En mis años de experiencia, he visto casi de todo. He visto aparecer y desaparecer empresas que parecían eternas, he participado en la creación de negocios, en la incubación de ideas y he acompañado empresas al borde de la quiebra. He entendido lo que es trabajar con otras culturas y países, más allá de la cultura organizacional declarada, la real, la que permite que las cosas ocurran y me ha tocado ver a profesionales de todo tipo, de los talentosos, de los buena persona, de los imparables, de los carismáticos. De los que lideran con pasión y de los que se pierden y no avanzan. De los ingenuos y de los que no actúan bien. Y mi conclusión es que las personas siempre son y serán lo más importante, pero hoy más que nunca el llamado es a cuidarlas.
La tecnología genera distancia emocional, impacta el trabajo en equipo y afecta de manera profunda las relaciones humanas. Si entendemos que lo más valioso son las personas, entonces, es a lo que más tiempo debemos dedicar. Así de sencillo, así de complejo. Recuerda que un buen líder cambia la vida de las personas que dirige. Cuidar, cuidar, cuidar, desarrollar personas y crear líderes.
La mejor organización, no es ni será la que tenga los mejores procesos, ni la mejor tecnología. Será la que tenga a las mejores personas. Y con mejores personas podemos hacer mejores negocios, no de los que solo ganan dinero, sino de los que hacen de este mundo algo mejor.
Apaga el automático
Si vas pedaleando a todo ritmo, te invito a frenar. Tranquilo, no te caerás. Frena, respira, observa y repara.
Revisa la estrategia, replantea el FODA, dale el valor que merece a lo que es realmente importante. En este mundo de relaciones y cooperación, reescribe el modelo de negocio. Vuelve a la esencia, a lo que te hace feliz, cuando disfrutabas el proceso y te brillaban los ojos. Hazlo en equipo, no juegues solo detrás de una pantalla. Recuerda que cuando jugamos en equipo lo importante no es llegar antes, es llegar juntos.

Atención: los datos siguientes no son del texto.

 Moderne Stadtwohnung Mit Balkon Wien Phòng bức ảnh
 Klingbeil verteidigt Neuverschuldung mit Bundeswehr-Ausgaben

A veces simplemente basta con cuestionar lo que hacemos y lo que creemos correcto. Mira la agenda y pregúntate si son las reuniones que quieres y que necesitas. Muévete ligero, aprende y desaprende, conócete y adáptate, aprende a vivir con la incertidumbre, a fluir, colaborar y evolucionar.
En mi opinión (no solicitada), el éxito muchas veces genera rutina, algunos lo llaman comodidad, y la comodidad puede llevarnos al estancamiento. Mejor vivir con intensidad, sonreír con intención, caer con gracia, saboreando las derrotas y festejado las victorias, pero por sobre todo, compitiendo apasionadamente como si cada día fuera el primer día del 100% de la vida que te queda.
La elección y la estrategia son tuyas, no delegues tu esencia, el éxito implica elegir.